Tanya Lobo was just 19 when customs officers caught her with the equivalent of almost 4kg of pure cocaine at Gatwick airport, following a trip to Tobago in June 2001.

But despite spending the next ten years paying her taxes, national insurance and living in the same area of Croydon, south London, Lobo was only picked up by police earlier this year after spending more than a third of her life at large.

She was sentenced to just seven days in jail for skipping her hearing in September 2001, and was handed a three year sentence for importing the drugs at Croydon Crown Court.

The 30-year-old broke down in the dock as she talked about her trip to the Caribbean, which she decided to make following the shock death of her childhood sweetheart and boyfriend of six years, Jonathan Charles, in April 2001.

Lobo said a stranger called Deyshaun got in touch soon after the death offering her a cheap plane ticket to Tobago by way of sympathy.

She said: “He apologised, said he understood what I was going through.

“He said this lady couldn’t go because her child was ill – said I could get it cheaply.

“I was working, I had always been working so I had the money. I spoke to my family, they agreed I should go away and try to get my head straight.”

Lobo told the court she met a taxi driver called Dom at Tobago airport, who found her a beachside hotel and took her on several trips into town and to the local shops over the course of her week-long stay.

But her trip took a turn for the sinister when she returned from a snorkelling expedition on her last day to find her suitcase had been padlocked shut, and an extra padlocked case dumped on her bed.

After tracking down Dom she was told he had padlocked her luggage for safety, and had put some alcohol and souvenirs in the second case to bring back to the UK.

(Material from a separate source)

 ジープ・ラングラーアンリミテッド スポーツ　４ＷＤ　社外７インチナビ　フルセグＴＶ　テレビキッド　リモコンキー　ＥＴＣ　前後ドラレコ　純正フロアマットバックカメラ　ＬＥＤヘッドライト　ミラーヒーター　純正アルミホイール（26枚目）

She told the court she pressured him for more details and he revealed there was cannabis in the bag, but claimed it was just ‘percy’ – for personal use – and would not get her into any trouble.

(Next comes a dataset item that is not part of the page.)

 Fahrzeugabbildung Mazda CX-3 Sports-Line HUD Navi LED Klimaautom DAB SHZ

It was only after Dom reminded her of her cheap ticket that she realised he obviously knew Deyshaun and her stay at the hotel had been pre-planned, but said she was too scared to do anything as she was alone in a foreign country.

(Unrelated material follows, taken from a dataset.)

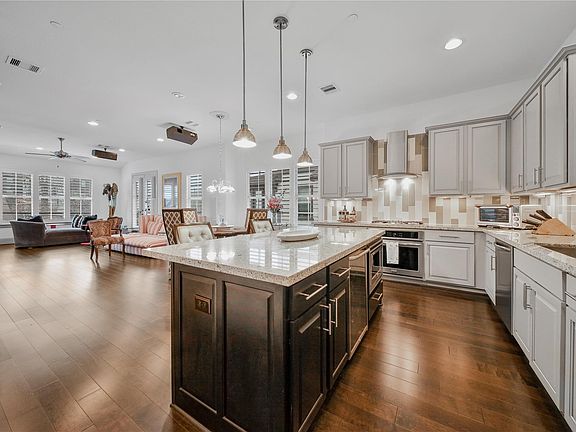 3rd image of 1619 Rosewood St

She said: “I was young and I was naïve and I was stupid, and I hold my hands up to that.

“In the worst case I thought I was going to have a fine for too much alcohol being brought back.”

She said Dom only gave her the keys to the padlocks once her bags had been sent down to the plane’s hold.

The court heard Lobo asked for a private chat with customs officers at Gatwick when she realised they were going to open up her bag, saying she thought there might be drugs in there.

UK Border Agency agent Keith Funnel, who stopped Lobo at the airport, told the court the drugs were amateurishly concealed in silver bags wrapped inside towels in one of the cases.

Sarah Lindop, defending, told the court Lobo had in fact arrived at court for her original hearing in 2001, but decided to go home after she was unable to find her barrister.

She said: “She has remained working in the local area, she’s not tried to hide.

“She’s been paying tax, she’s been paying National Insurance, she’s been working for Talk Talk and for the last 18 months has been working for an insurance company.

“She has been traceable.”

“She tells me that she thought of going to the police station a couple of times and then she just chickened out through fear.”

Judge Ruth Downing, sentencing, jailed Lobo for three years after telling her she should have realised something was “seriously amiss” with the padlocked bags.

She told Lobo if she had known cocaine was in her bags when she smuggled it in she could have expected an eight year sentence.

She said: “There’s no such thing as a free lunch, and she must have realised that there’s no such thing as a free trip or a cheap trip to Tobago.”

Judge Downing said Lobo should have refused to take the padlocked cases, but conceded as she was with a near-stranger in a foreign country she probably felt intimidated.

She said Lobo’s failure to hand herself in for ten years made “no difference” to her sentence, as she had simply postponed the date she would begin her time in jail.

She said: "Many women in your position find themselves going away for substantial periods of time because they did the same as you.

"They have the courage and good sense to come to court and have the matter dealt with."